Friday, December 29, 2006
Alfred Bester, The Demolished Man
Taking a much-needed break from novels that exceed three-hundred pages and require thought, on Christmas morning I returned to one of my guilty pleasures: science fiction.
This Hugo Award-winning novel takes place in 24th-Century New York City, where mind-reading Espers ("peepers") mix with "normals" and help to regulate law enforcement. Consequently, crime has become virtually non-existent. Enter Ben Reich, one of the wealthiest New Yorkers and one who is willing to do anything -- even commit the first premeditated murder in eighty years -- to acquire the wealth of his business rival, D'Courtney.
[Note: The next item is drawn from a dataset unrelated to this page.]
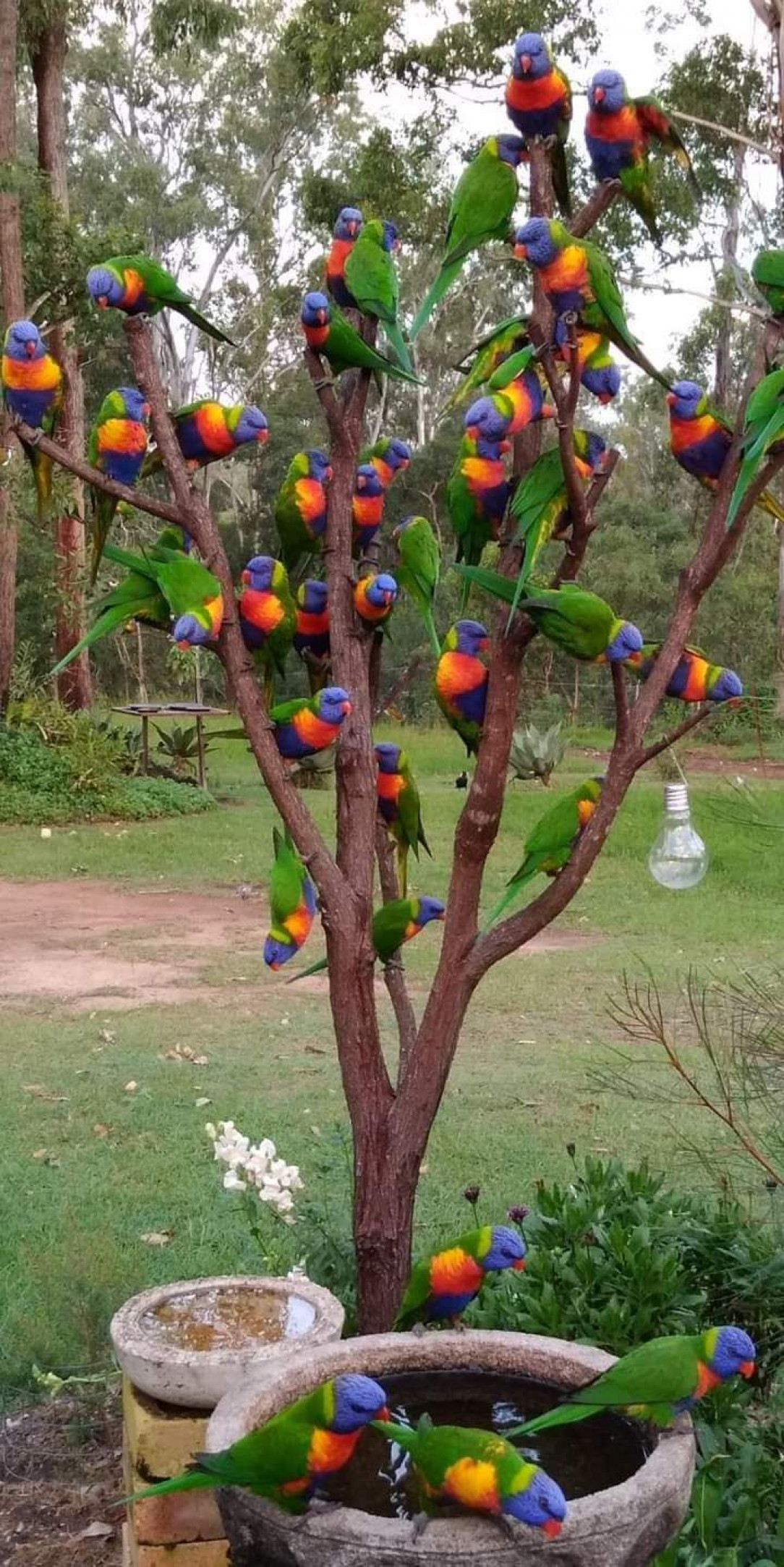 Party time of Parrots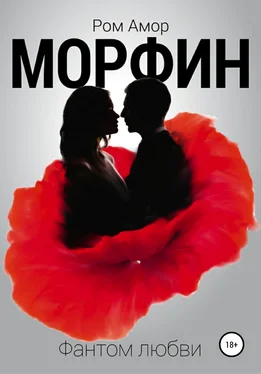 Ром Амор Морфин. Фантом любви обложка книги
Enlisting the help of a couple of peeper acquaintances, Reich gets his hands on an ancient weapon -- a gun -- and locates D'Courtney in the midst of an elaborate parlor game at one of Maria Beaumont's elegant parties, only to find himself subsequently pursued by Esper cop Lincoln Powell in the party's aftermath.
Part detective novel, part Dostoyevskean meditation on crime and guilt, part Law and Order, and lots of paranoia a la Philip K. Dick with a Freudian undercurrent, The Demolished Man is a fun and fast-paced book that'll satisfy your old school sci-fi jonesin'.